• [GIVEN DATA]
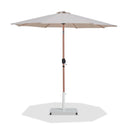 Fiji - Aluminum Patio Umbrella With Square White And Teak Base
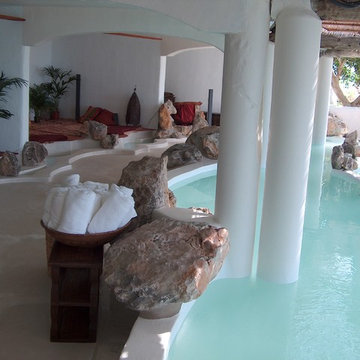PISCINA ARQUITECTURA IBICENCA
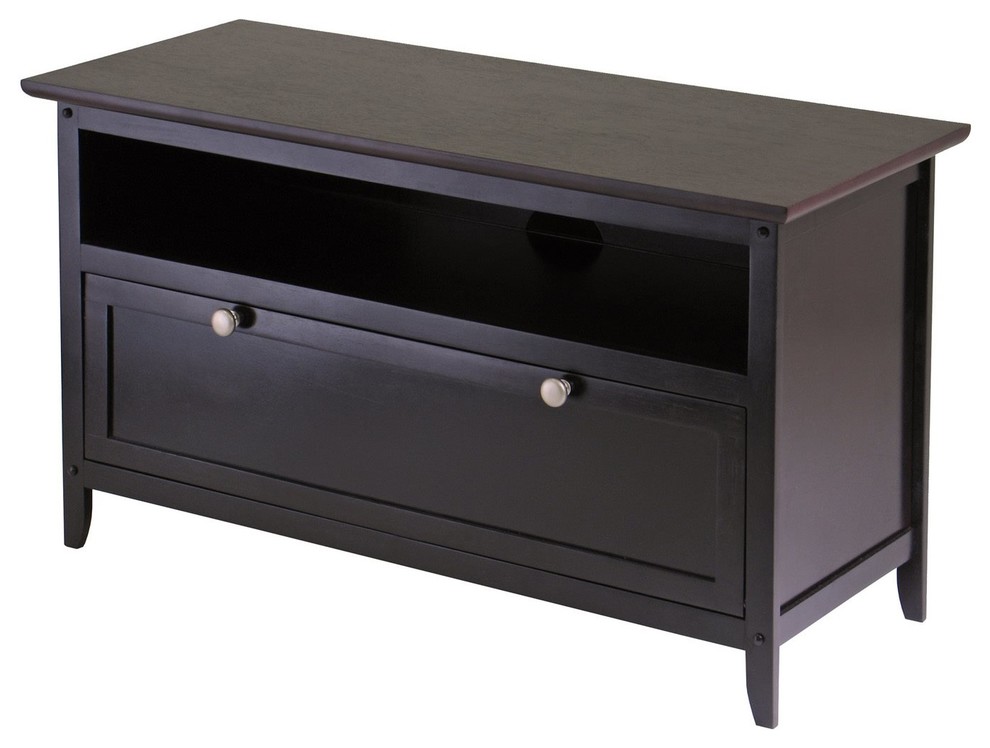 Winsome Wood Zuri Tv Stand   Transitional   Entertainment Centers And Tv Stands   by GwG Outlet  Houzz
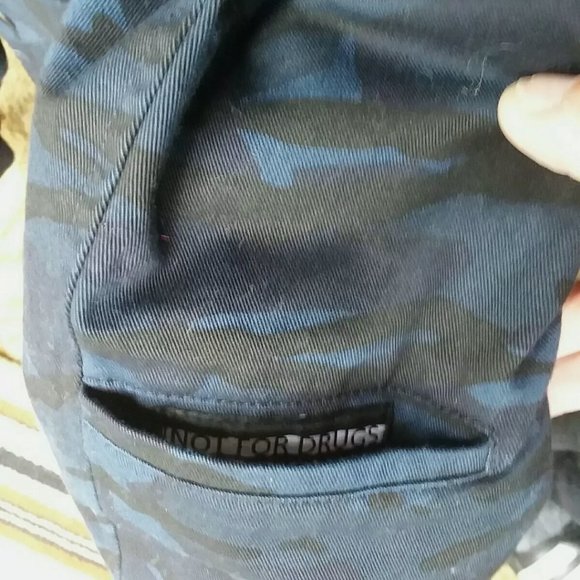 *Men's ALEXANDER WANG Over-Sized Military Style Blue/Blk Camo Print Jacket M * - Picture 4 of 13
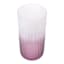 Laila Ali Clear & Pink Ombre Glass Candle Holder, 10"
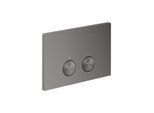 hansgrohe AXOR FlushPlate Drückerplatte 42531340 für 2-Mengen-Spülung, Metall, brushed black chrome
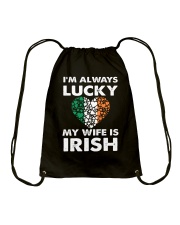 Lucky My Wife Is Irish Drawstring Bag thumbnail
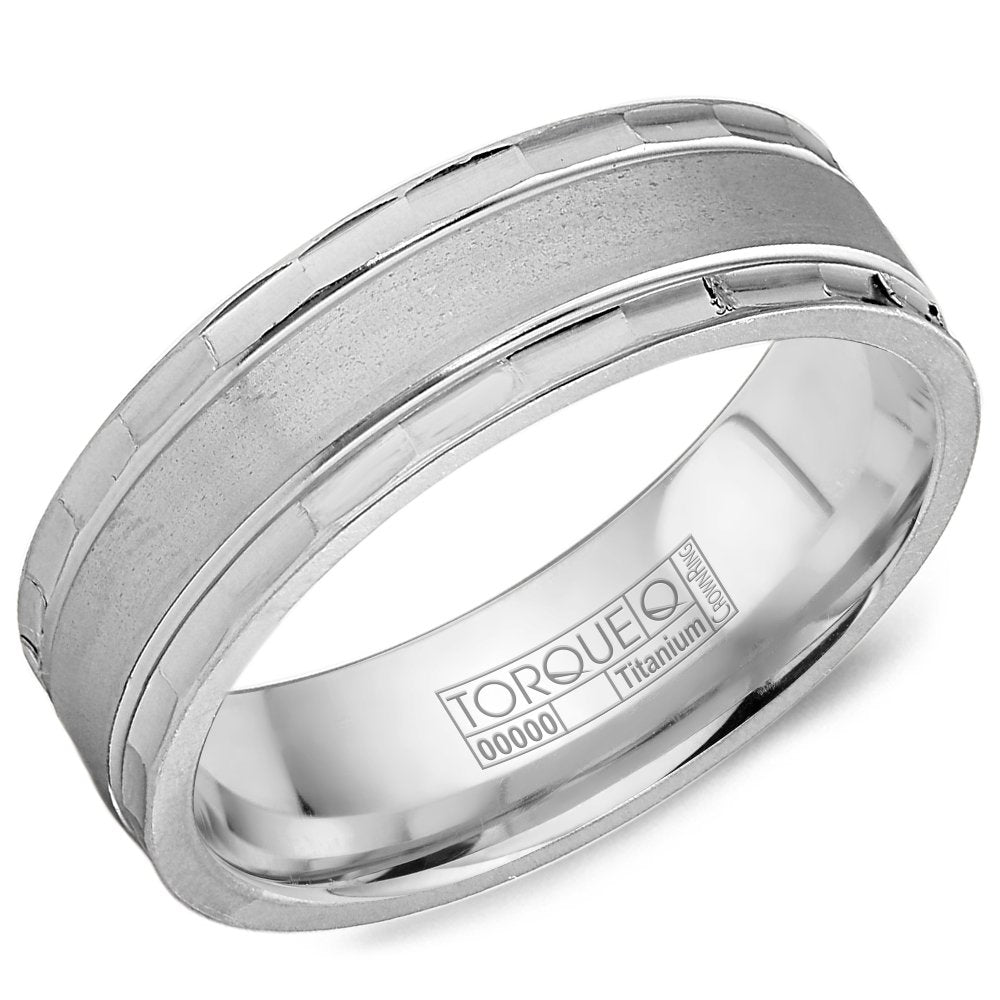 Titanium TORQUE Wedding Band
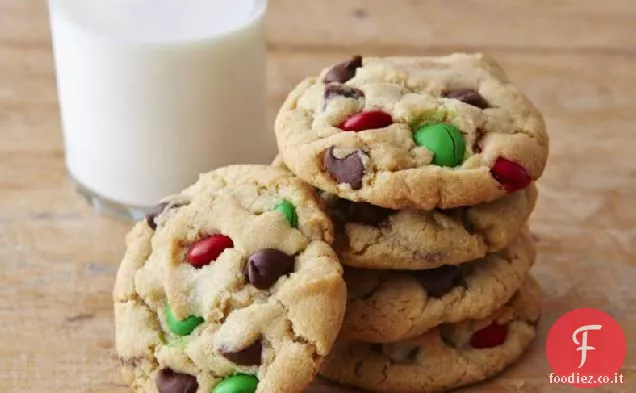 Biscotti di Natale M&Ms™ con gocce di cioccolato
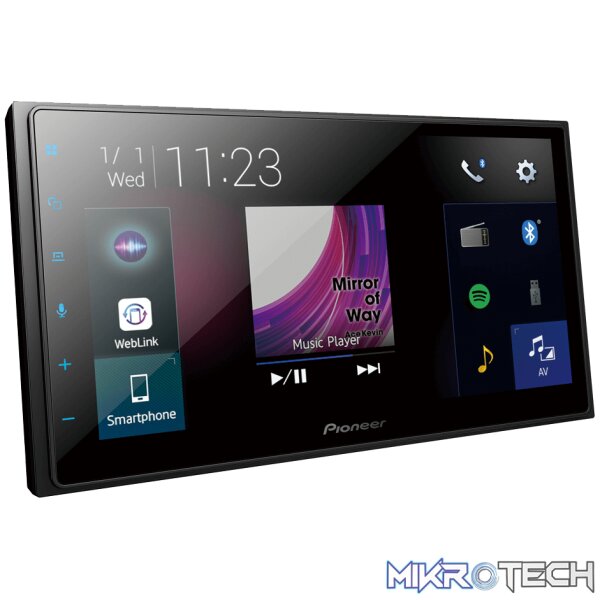 Pioneer DMH-Z5350BT 6.8" Carplay/Android Auto Double Din Radio - Image 2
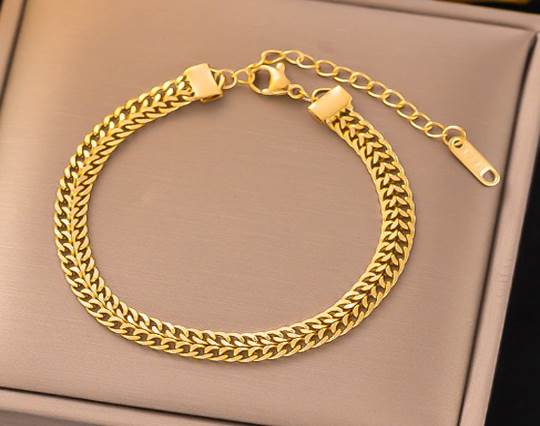 Gold plated stainless steel Bracelets - 15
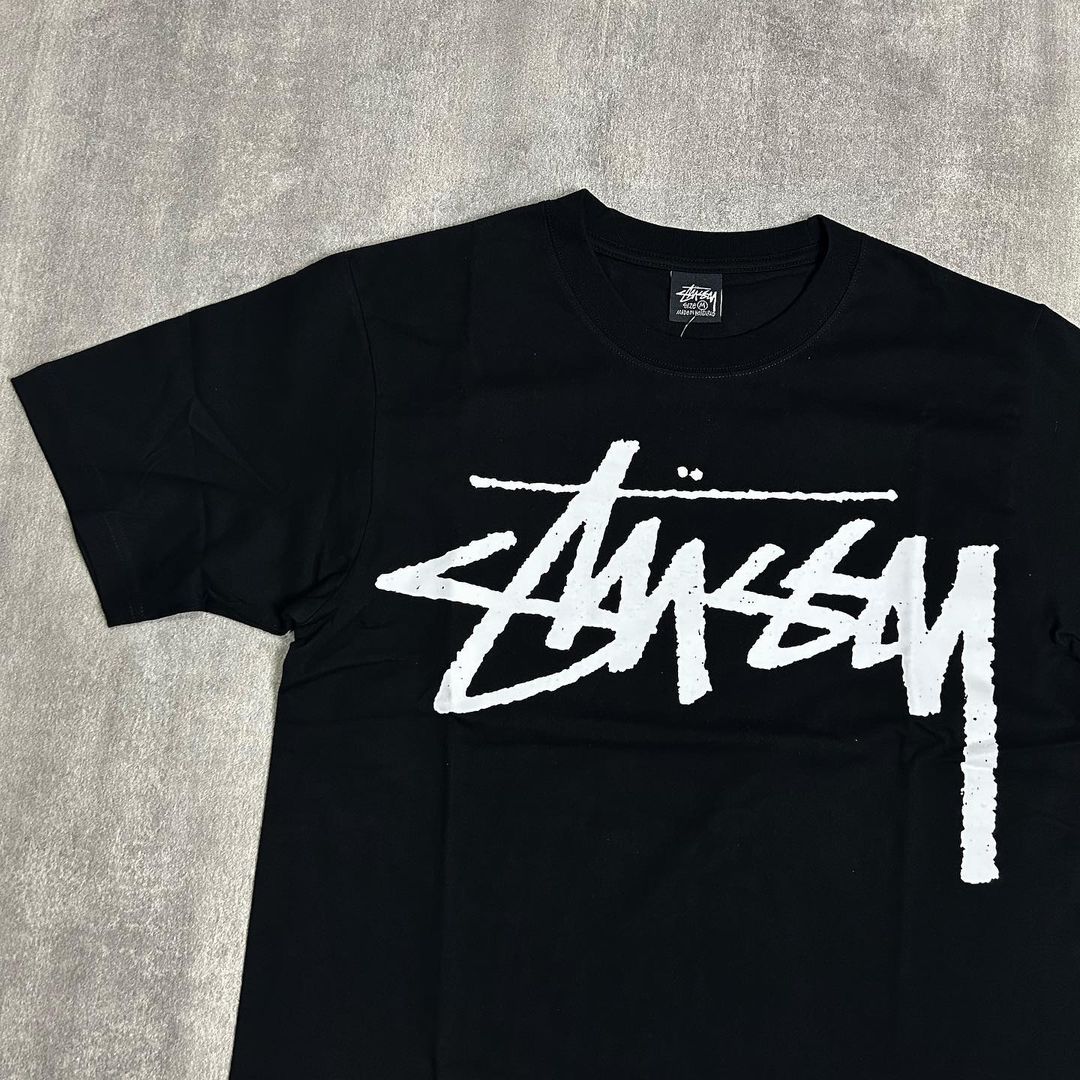 Stussy Big Stock Tee Black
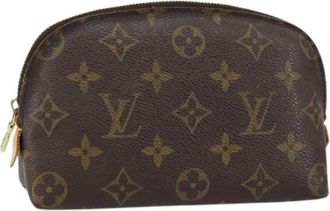 Louis Vuitton Pre-owned Clutches, female, Brown, Size: ONE SIZE Pre-owned Vintage Canvas Clutch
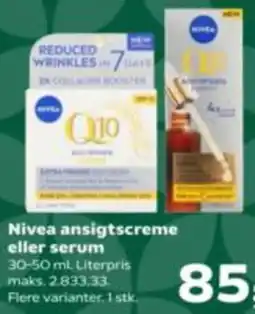 Kvickly Nivea ansigtscreme eller serum tilbud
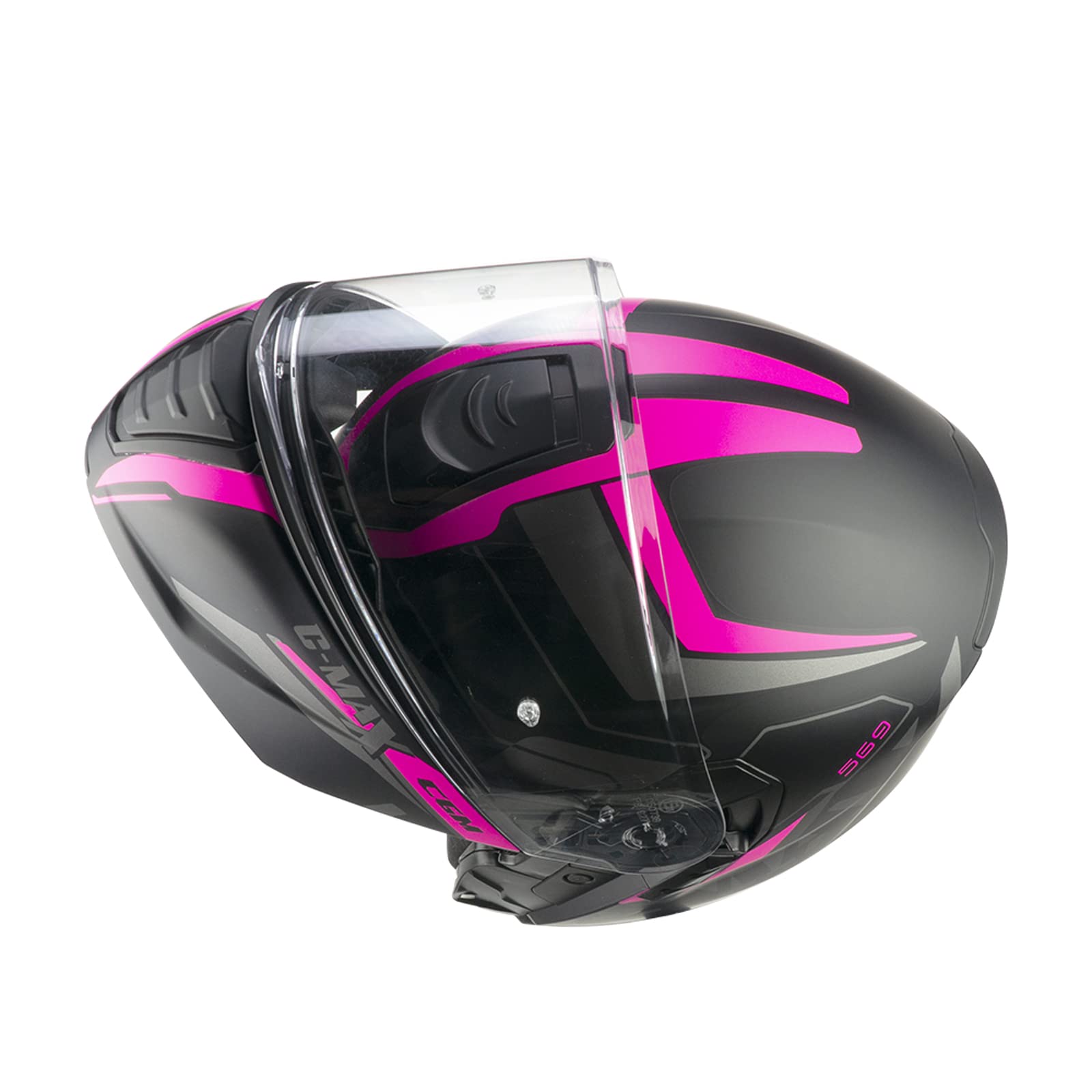 CGM 569G C-MAX CITY Nero Fucsia fluo opaco M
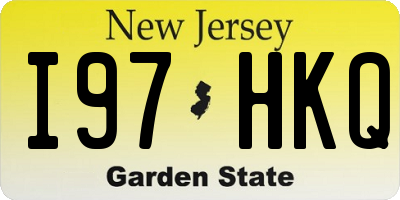 NJ license plate I97HKQ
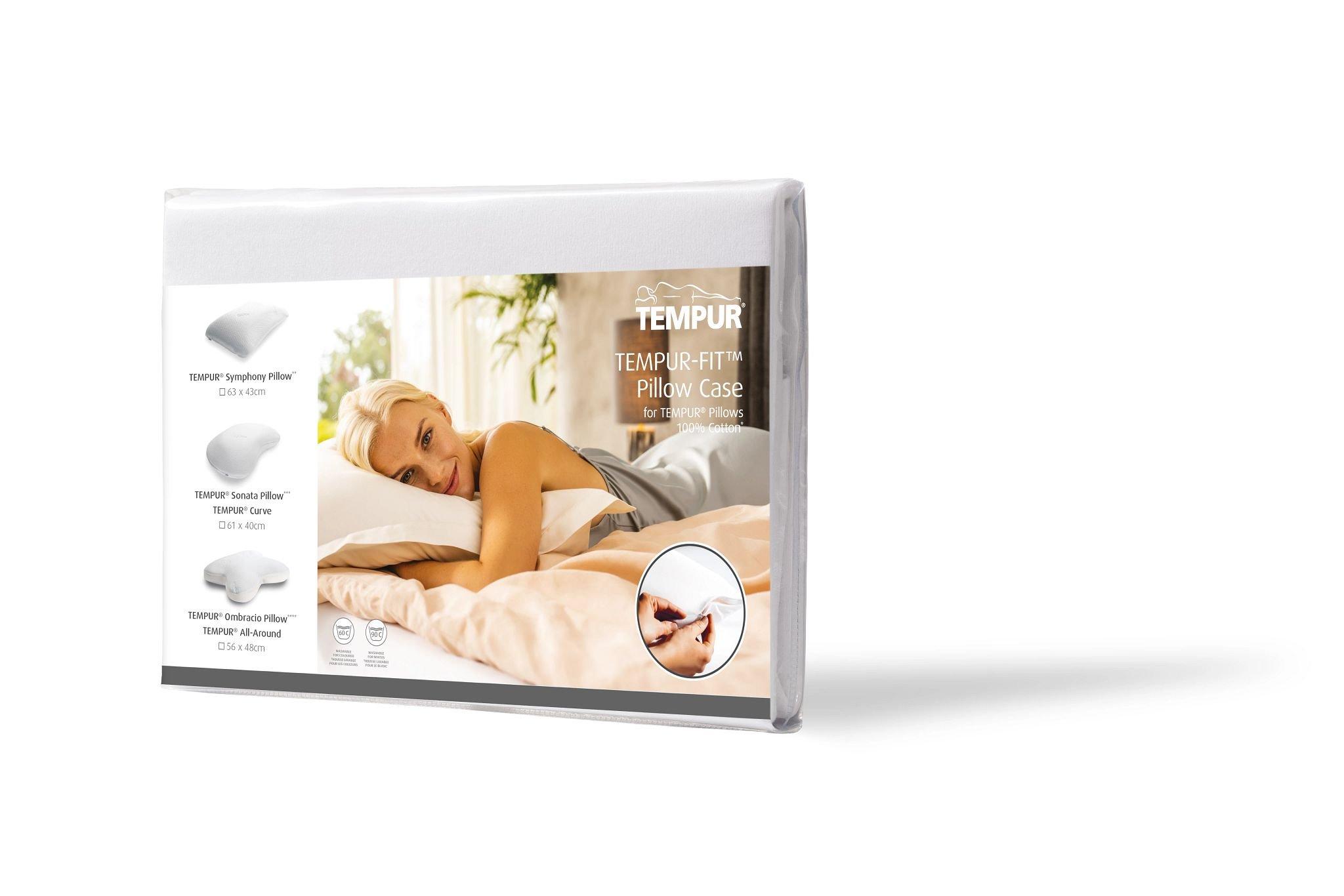 TEMPUR&reg; Ombracio Hoofdkussensloop &ndash; Wit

• [TASK OBJECTIVE] An exact copy of the lines above from the one with "Winsome Wood Zuri" up to and including the one with "Biscotti di Natale" is required; reproduce only those lines, omitting all pictures.

• [RESPONSE TO THE TASK]
 Winsome Wood Zuri Tv Stand   Transitional   Entertainment Centers And Tv Stands   by GwG Outlet  Houzz
 *Men's ALEXANDER WANG Over-Sized Military Style Blue/Blk Camo Print Jacket M * - Picture 4 of 13
 Laila Ali Clear & Pink Ombre Glass Candle Holder, 10"
 hansgrohe AXOR FlushPlate Drückerplatte 42531340 für 2-Mengen-Spülung, Metall, brushed black chrome
 Lucky My Wife Is Irish Drawstring Bag thumbnail
 Titanium TORQUE Wedding Band
 Biscotti di Natale M&Ms™ con gocce di cioccolato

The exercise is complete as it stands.